Parmigiano-Reggiano Stock

You might call it Parmesan, but it really is Parmigiano-Reggiano, ya know. It is arguably the most popular of Italian cheeses worldwide, and rightfully so. When you tase the real deal, aged between 24 and maybe 48 months, the depth and breadth of flavor notes is stunningly good. Maybe, subconsciously, that’s why so many of us save the rinds, even if we don’t do anything with them – the stuff is so damn tasty, we just can’t bear to throw out the ‘inedible’ part. Fear not, I say, because thankfully that inedible thing is hogwash. Last spring, I wrote about stuff you can do with the rinds, but somehow, I missed making stock – time to fix that.

Real deal Parmigiano-Reggiano comes from the five provinces that are allowed to call the stuff by its proper name – Parma, Reggio Emilia, Modena, Bologna, and Mantua. Sorry, but anything else from somewhere else is just cheese. The outer most layer of a wheel of Parmesan Reggiano is the place where all the interaction with the outside world has occurred, while inside, that miraculous cheese matures. The rind hardens, forming a barrier to keep bad things out while allowing moisture to leave the cheese over time. When we buy it, we obviously want a reasonable ratio of rind to cheese. Don’t go too far on that, though, and definitely save rinds, because parmigiano rind stock is liquid heaven.

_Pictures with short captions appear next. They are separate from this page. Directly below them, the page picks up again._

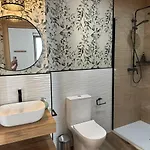 Tenerias Corp, 1 Piso *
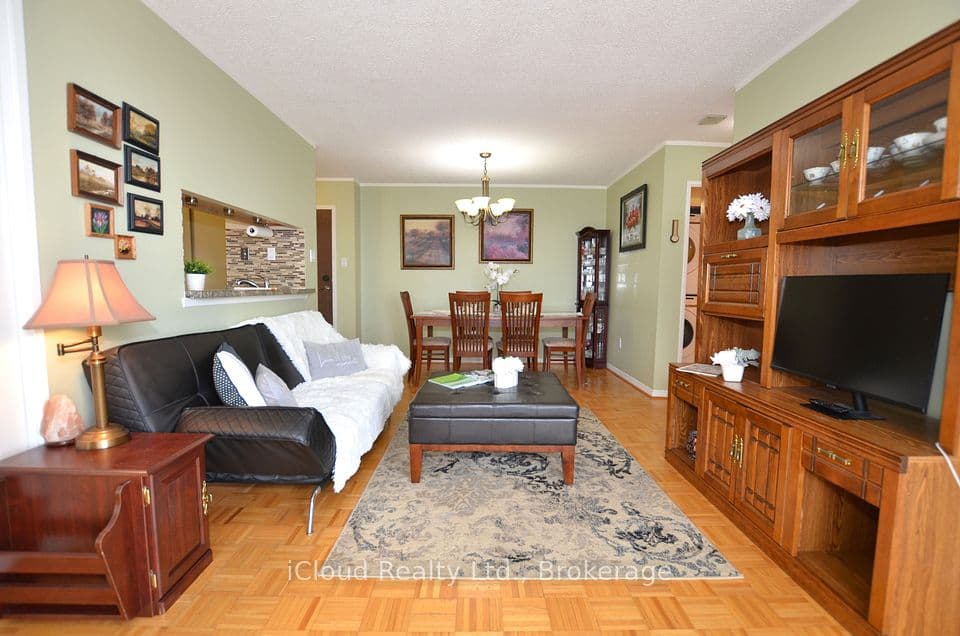 50 Kingsbridge Garden Circle 915, Mississauga, ON L5R 1Y2 – photo 3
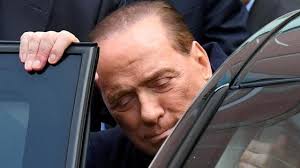 Al termine della visita marina berlusconi e barbara berlusconi, con i loro figli, hanno pranzato a cucina milanello. Berlusconi Zangrillo Quadro Clinico In Miglioramento La Repubblica
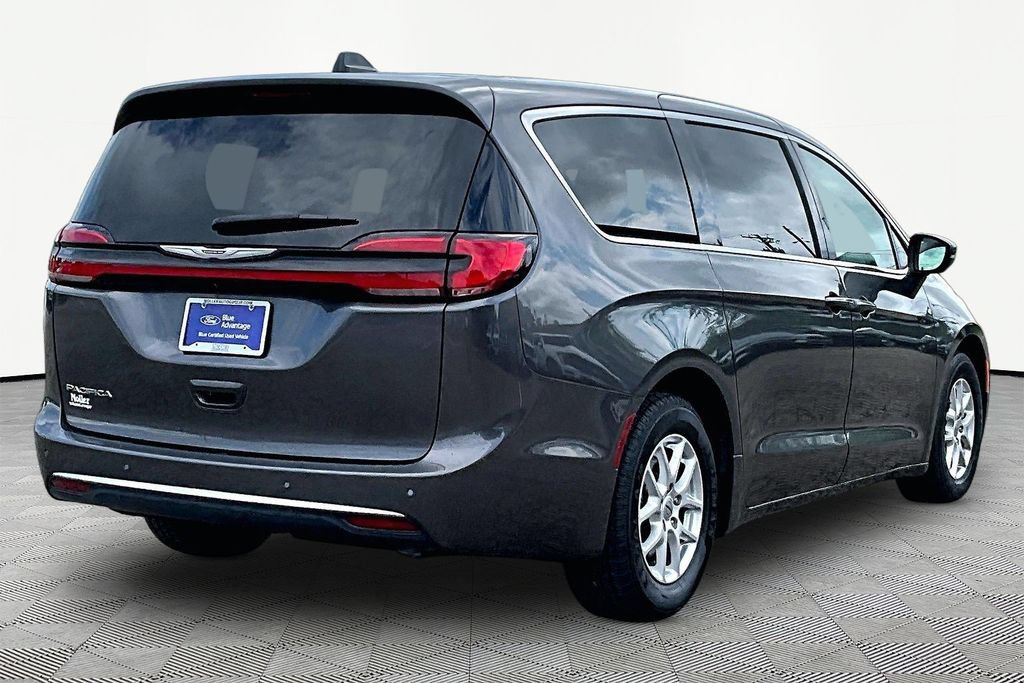 Used 2023 Chrysler Pacifica Touring-L FWD image 2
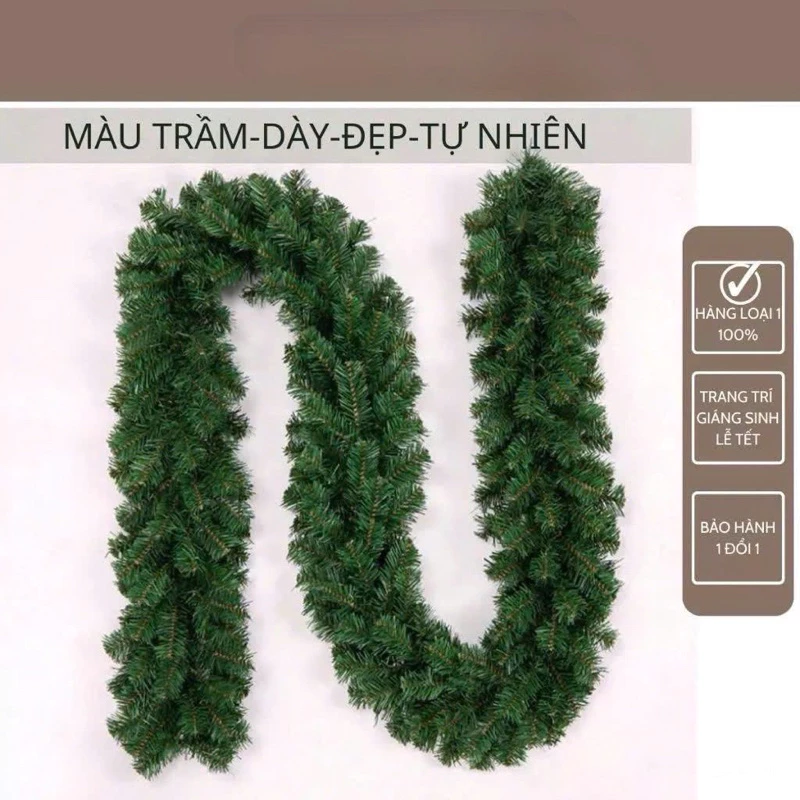 Làm vòng nguyệt quế Noel mà không cần mua sẵng dây thông, bạn đã nghĩ đến điều này chưa?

Parmigiano stock, made with aromatics, herbs, plenty of rinds, and simmered low and slow is the ticket. What you get will be redolent with the scent, taste, and umami powered mouth feel only Parmigiano-Regiano can provide. It is the stuff for staples like Italian wedding, white bean, or minestrone soups. Use it to cook beans low and slow and the results are truly ethereal. Freeze it in resealable ice cube trays and add it to pan sauces or veggies. Cook rice with it and prepare to swoon – no, I’m not bullshitting – it really is that good.

Best of all, it’s incredibly simple to make. There’s a lot of versions out there – This is my take on it, powered by soffritto, the legendary Italian aromatic base, with fresh herbs. Try it the way I’ve written it, then tweak your next batches to your liking, and make it truly yours.

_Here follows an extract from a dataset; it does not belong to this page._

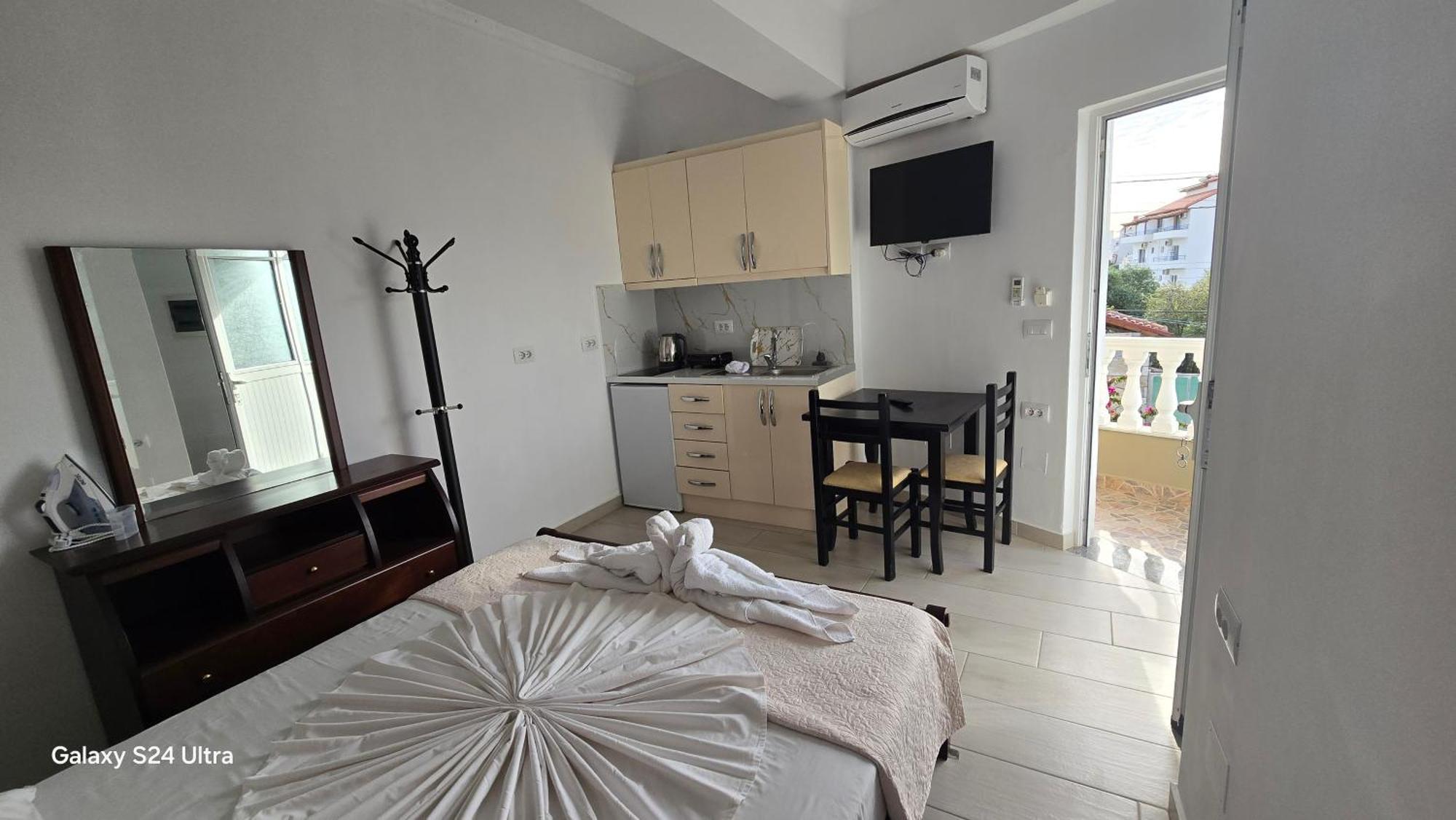 Vila Zeqo Muka Apartment Ksamil Bagian luar foto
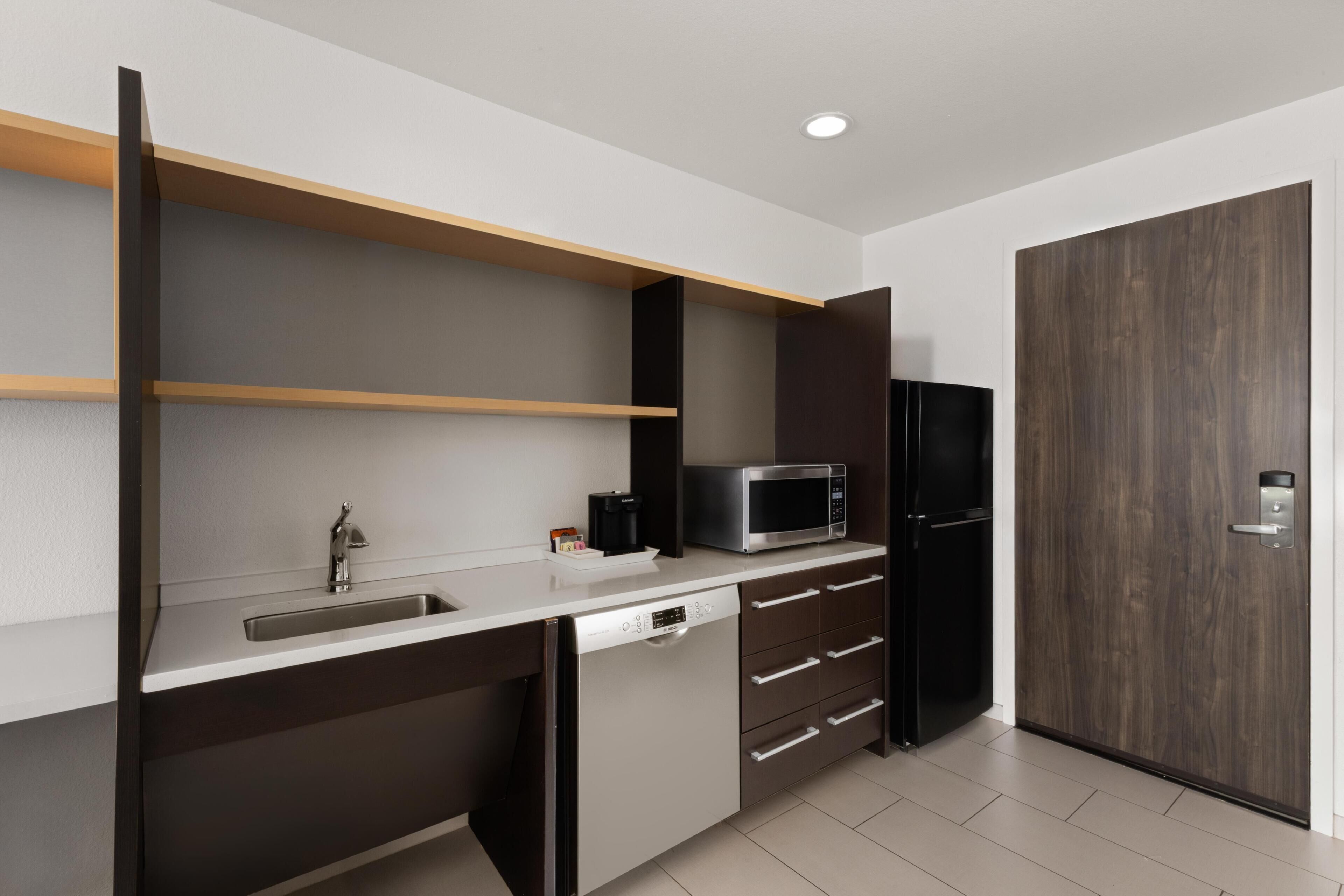 Suite, 2 camas Queen size, con acceso para personas discapacitadas, tina | Cocina privada | Cafetera y tetera, refrigerador con congelador y microondas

Note: if you’re not a rind saver, you’ll find that quite a few retailers now sell them by the pound – so long as the initial quality is good, and they’ve been properly kept, you shouldn’t hesitate to buy them that way. If you do save them, refrigerated in an airtight container is fine – they’ll last for months.

Urban’s Parmigiano-Reggiano Stock

1 Gallon (16 Cups) fresh Water

1 Pound Parmigiano Rinds

1 large Sweet Onion

2 fresh Carrot

2-3 stalks Celery

6-8 fat cloves fresh Garlic

1/4 Cup Extra Virgin Olive Oil

8 sprigs fresh Oregano (2 Tablespoons dry)

6 sprigs fresh Thyme (1 Tablespoon dry)

1 Tablespoon Tasmanian Pepperberries (regular old pepper is fine, but not nearly as complex)

2 Turkish Bay Leaves (not California!)

Peel and quarter the onion, smash and peel garlic, rough chop carrots and celery.

Add the olive oil to a heavy stock pot over medium high heat, and heat through.

Add onion and carrots and fry for 2-3 minutes.

Add the garlic and celery and continue cooking, stirring occasionally, until the onion is lightly browned, about 3-4 minutes.

Add the water to the veggies and allow to heat through until the stock starts to simmer, about 6-8 minutes.

Add the all remaining ingredients and stir to incorporate.

Once the stock comes to a boil, reduce to a bare simmer, uncovered.

Simmer for at least 2 hours, and up to 4, stirring occasionally to make the sure the rinds don’t stick, and to test the strength of the stock.

When the stock smells strongly of parmigiano, is slightly cloudy, and everything other than the absolute outer hardest layer of rind has gone into solution, you’re done.

Pour the stock through a colander and send all the non-liquid stuff to compost.

If you’re finicky, you can further clarify the stock through cheesecloth, but frankly, who bother? This is good, rustic stuff in your kitchen, not something done for presentation at a white linen restaurant – live a little and let it be.

Cool stock to room temperature. Store in clean glass jars with enough headroom to not break the container when freezing, about 2”. Also do some up in ice cube trays for smaller batch fun.

Stock is fine refrigerated for 3-4 days. If you want to hold it longer than that, freeze it – it’s good there for a couple of months.